Backstory is all those fun, murky or intriguing little details of what happened before your hero’s crappy day that you portray on page one.
It gives reasons and excuses for events that happen in the now of your story. But it is crucial to remember that backstory isn’t now. And if you dump too much of the past in one shot, it will take the reader out of the action of the story. And leach out all the emotional power out of your story action.
What’s its Purpose
- It’s what makes your opening page possible, inevitable, engaging.
- It’s the history of both your story world and your characters. It’s the events and people who have shaped characters and story setting.
- It is NOT your unfolding story but it is everything that makes that story possible and necessary and inescapable.
Backstory accounts for the why of the story events and actions that occur at the top of your story. It’s the explanation for your hero and villain’s attitudes and motivations and drives
How to Reveal Backstory
You can slip it in so it seems incidental, as if you were revealing something else, or you could explain it plainly so there’s no doubt you’re writing a paragraph of backstory.

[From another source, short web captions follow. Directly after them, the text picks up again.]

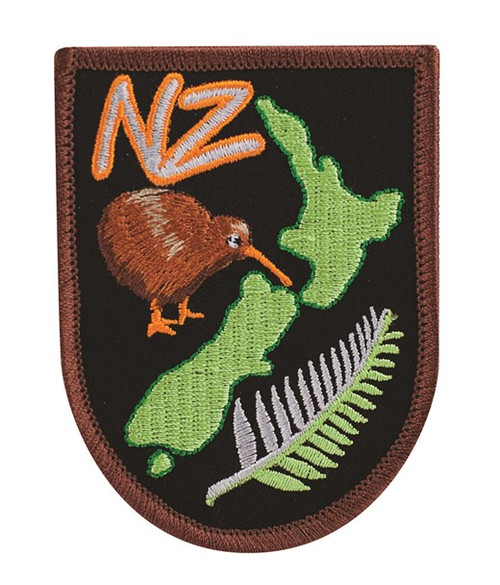 Iron on Patch - NZ Map, Kiwi, Fern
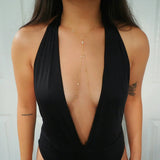 14k Gold Filled with 14k Solid Gold White Topaz & Swarovski Crystals Dainty V Body Chain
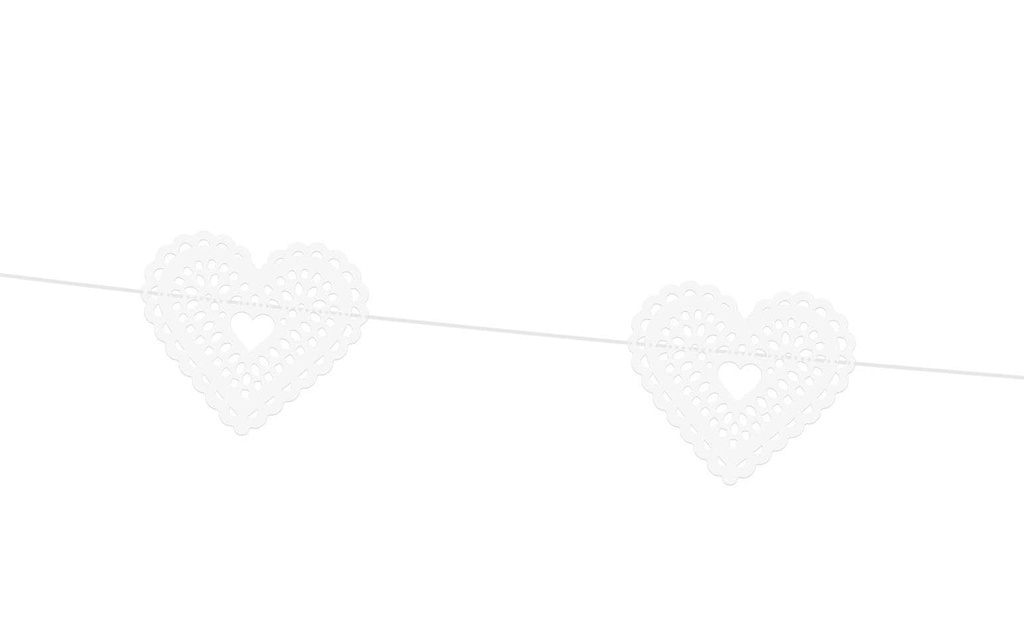 Partydeco Guirlande Cœurs 1.8 m, blanc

Use both methods but know that they create different effects.
When backstory is dribbled in, revealed piecemeal, the reader learns a character, gradually developing an understanding of his motives. When laid out though exposition, the reader is clearly told what’s happened and perhaps how it affected character or elements of the setting such as how her father beat or abused her, or perhaps because she was forced to go to church. Who knows?
Direct explanation CAN pull the reader out of the fiction. Use it sparingly, because you don’t want the reader to feel he’s being lectured. Rather, you want them to get to know a character the same way we get to know people in the real world.
Show backstory through:
- sections of exposition, perhaps at the top of chapters and scenes
- character thought and reflection
- a prologue
Show backstory to:
- reveal character motivation
- slow the pace
- set up subsequent scenes
- provide meaning for events and character action and reaction
- add veracity to a character’s stands and personality
- provide distractions and murky motives and red herrings (yes, you can manipulate backstory for purposes other than straightforward revelation)
Remember the Paul Masson wine ads? We will serve no wine before its time? That should be your pledge regarding backstory: Never too early and always just enough.